Was die Börsianer neben der allgemein ohnehin sehr schlechten Marktstimmung beunruhigt, ist die Angst vor weiteren Gewinnwarnungen - das sind Meldungen von Unternehmen, dass sie einen niedrigeren Gewinn oder einen höheren Verlust erwarten, als sie zuvor in Aussicht gestellt hatten - und unter den Analystenerwartungen liegenden Quartalsergebnissen. Der größte Teil der Berichtssaison in den USA steht noch bevor. Das dem Telekommunikationssektor zuzurechnende Unternehmen Lucent Technologies hatte am Dienstag nach Börsenschluss erneut seine Planzahlen für das vierte Quartal gesenkt. Es wird nun ein um 25 bis 29 Prozent geringerer Überschuss im vierten Quartal erwartet. Händlern zufolge haben auch die anhaltenden Gerüchte über Verluste bei sogenannten Junk-Bond-Geschäften (hochverzinsliche Schuldverschreibungen geringer Bonität) bei der Deutschen Bank negativ auf den Markt ausgewirkt. Die Aktien der Deutschen Bank gaben trotz eines Dementis von Vorstandschef Rolf Breuer zeitweise um sechs Prozent. Der Markt gehe anscheinend davon aus, dass an den Gerüchten etwas dran sei, hieß es.

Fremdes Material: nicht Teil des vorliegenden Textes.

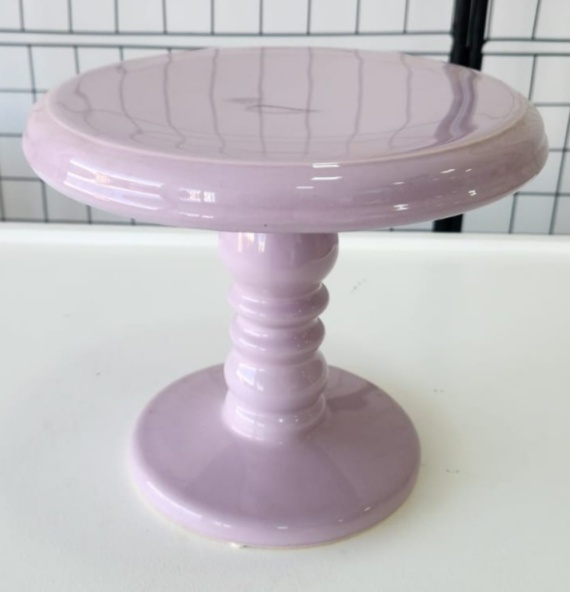 Boleira Em Cerâmica Grande Lilas - Encante festas e locações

Selbst der Internetprovider Yahoo konnte mit eigentlich glänzenden Zahlen die Händler und Anleger nicht begeistern. Im dritten Quartal und in den ersten neun Monaten dieses Jahres verbuchte Yahoo Rekordumsätze und -gewinne. Das Unternehmen gab am späten Dienstagabend nach Börsenschluss für das Quartal einen Umsatz von 295,5 (Vorjahresperiode 155,9) Millionen Dollar und einen Gewinn von 47,7 (11,1) Millionen Dollar an. Yahoo hatte im September weltweit 185 Millionen Nutzer gegenüber 155 Millionen im Juni. Am Mittwoch rutschte die Yahoo-Aktie im europäischen Handel zeitweise um 14 Prozent ab. Lucent stürzten nach der Gewinnwarnung sogar um rund 25 Prozent ab. Auch ein Wert wie Cisco konnte sich der Talfahrt nicht entziehen und verlor bis zum Nachmittag rund acht Prozent. Motorola, die am Vorabend für das dritte Quartal mit einem Umsatzplus von 18 Prozent auf 9,5 Milliarden Dollar und einem Gewinnanstieg von 66 Prozent auf 598 Millionen Dollar aufwarteten, fielen um über zehn Prozent. Der Handy- und Chiphersteller lieferte am Mittwoch eine Gewinnwarnung für das vierte Quartal nach; Begründung: der schwache Euro.

Die großen deutschen Technologiewerte riss es mit nach unten, wenn auch insgesamt nicht so schlimm. Die Kursverluste bei den Dax-Titeln Epcos, SAP, Siemens und Deutsche Telekom lagen bei vier bis sieben Prozent. Infineon waren bereits kurz nach Börsenöffnung auf ein Allzeittief von 48,50 Euro gefallen und fielen weiter unter 47 Euro, ein Minus von sieben Prozent. Goldman Sachs reduzierte das Kursziel auf 75 Euro von 100 Euro. Am Neuen Markt fielen Intershop und T-Online jeweils um rund sieben Prozent ab, sogar das Biotech-Schwergewicht Qiagen zog es um mehr als zehn Prozent nach unten. Erholen konnte sich immerhin der Medienkonzern EM-TV um zeitweise gut sechs Prozent.

Derzeit herrscht völlige Verunsicherung, wie es an den Börsen und vor allem bei den arg gebeutelten Technologiewerten weitergeht. Während manche Analysten davor warnen, der Markt könne in Panik verfallen, sehen andere bei den Kursen schon Übertreibungen nach unten und rechnen mit einem nahen Ende der Talfahrt. An der Wall Street wird - so eine Analysten-Umfrage des Handelsblatts - die Aussicht auf weitere Investitionen in den Technologiebereich wieterhin als ausgezeichnet beurteilt. Man setze auf Infrastrukturanbieter rund um das Internet und auf Software-Hersteller für das E-Business. Weniger positiv seien die Prognosen für den Halbleiterbereich und PC-Hersteller.